To begin with it was difficult.

I arrived early and anxious aiming to participate in the offering of hugs to people in Newcastle.  I sat on the steps at Grey's Monument.  I worried.  Could I really do this hug thing?  Or would I just get up and go home or go and sit with a drink somewhere?  Hugging is hard for me, as I said in the previous post.

I watched as Andrew arrived.  He's the brains of the operation.  The one who started the Facebook group through which this activity is organised.  He's the one who knows to come with plenty of free hugs signs.  I watched him get out a sign and stand there.  I watched as people came and accepted the offer.

That's an important sentence.  "People came ..."  We're not militant about this.  We're not accosting every passing stranger and telling them they should be hugged.  We're not about forcing people into anything they wouldn't appreciate.  Nothing like that.  We just make an offer, mostly just through having those signs, and people accept or decline as they wish.
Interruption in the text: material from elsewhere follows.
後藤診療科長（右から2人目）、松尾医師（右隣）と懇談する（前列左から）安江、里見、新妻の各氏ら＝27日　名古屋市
I watched as a second hugger arrived.  Still I sat.  Fighting the anxiety.  A big part of me just wanted to get on a Metro and go home.  But then stubbornness set in.  "I came here to hug and I'm bloody going to hug and all this anxiety can just piss off rather than heading into greater panic or a shutdown.  This is part of my recovery and I'm not going to run away."  Sometimes being bloody minded and stubborn has its benefits.
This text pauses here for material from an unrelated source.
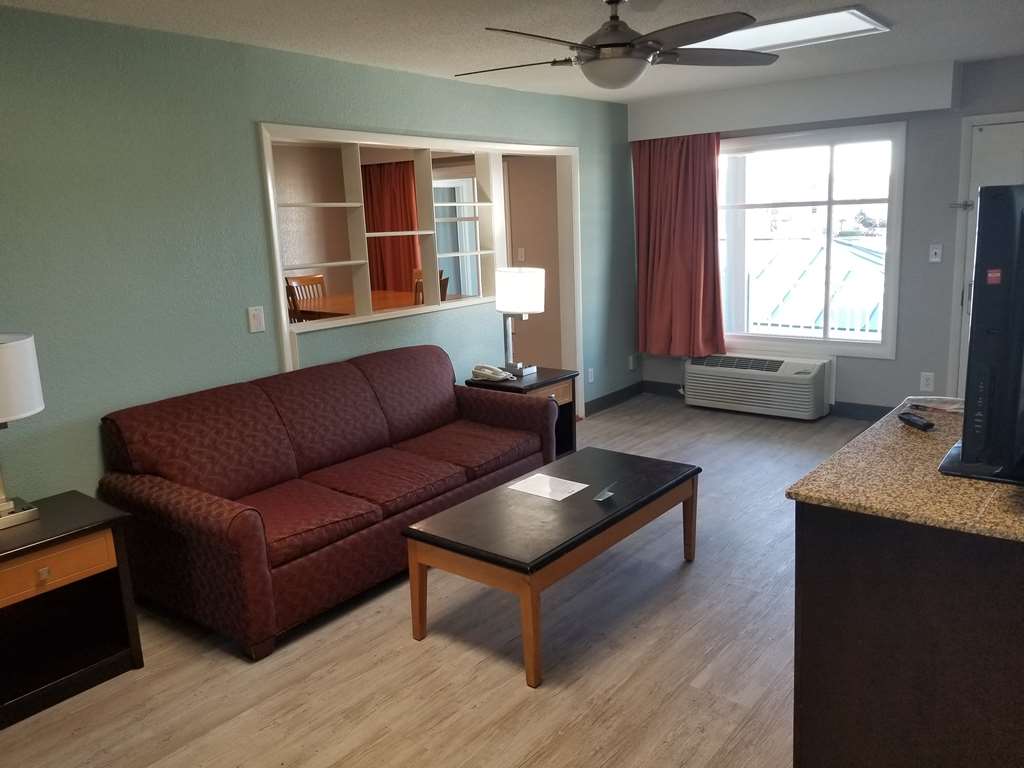 Best Western Plus Holiday Sands Inn & Suites - photo 18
So I got up.  Said hello to Andrew.  Accepted a sign.  And do you know what?  It was okay.  It really was okay.  More than okay.  I had a really good time and brought smiles to lots of people too.  At least on that occasion I overcame stories I told myself about the things I can't do.  I overcame fear.  And discovered for a while that there hadn't been anything real to fear in the first place.  My story tells me that I cannot stand on a street with a sign saying "Free Hugs".  Yet I've now done so three times.  My story tells me that I'd never even hug a person with a "Free Hugs" sign.  I've done that too.  I don't know who I hugged, a lone woman on a Newcastle street who I've never seen again.
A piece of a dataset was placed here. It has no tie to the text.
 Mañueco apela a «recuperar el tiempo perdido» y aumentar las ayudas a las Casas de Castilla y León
The stories we tell ourselves are stories.  They're made to be challenged.  When we say "I can't do this" we should ask ourselves whether we are just telling ourselves a story, setting a script for our lives that's as fictional as a soap opera.  I should know.  I have a lot of stories.

A friend would have me ask myself, frequently, "What's the worst that can happen?"  Well what would have been the worst?  Discovering that the activity wasn't for me.  That wouldn't have been a bad thing.  Plenty of activities aren't for me.  Experiencing them and finding that out is a good thing.  Much better than refusing to try.  Unless they're dangerous or abusive or ethically terrible.  In which case refusal is a perfectly good idea.

In the end five people stood with signs underneath Grey's Monument on Saturday.  Let's set the scene and then mention a few people I talked with.

Monument is a site of protests, of markets, of buskers.  It's a place of variety.  On Saturday we were surrounded by the following:

The Revolutionary Communist Group

Not the Revolutionary Communist Party.  Don't make that mistake.  They don't always get on with each other very well.  And don't you dare mix them up with the Socialist Worker Party.

The RCG didn't seem to smile much and I was told they didn't like hugs when offered them before.  Theirs is the language of war.  We'll smash them.  We'll fight them.  We'll break them.  And the Labour Party are racists and the Tories are fascists.  We'll crush them.   It's a shame.  They were there with a main message of welcome for refugees but that was quite lost among the war cries.  Being presented with a petition and being asked to "Sign against racism" is all very well but the statement on the petition was more complicated than that.  It didn't just say "I'm against racism."

I've been to some left wing meetings.  When someone from the RCG or the RCP stand up to ask a question pretty much everyone curses under their breath!  They are so extreme and ultimately what they propose in their questions and counter questions doesn't make sense to most people.  What follows in the discussion doesn't seem to do anyone any good at all.  Not the communists.  And not those others on the left wing who disagree with the communists.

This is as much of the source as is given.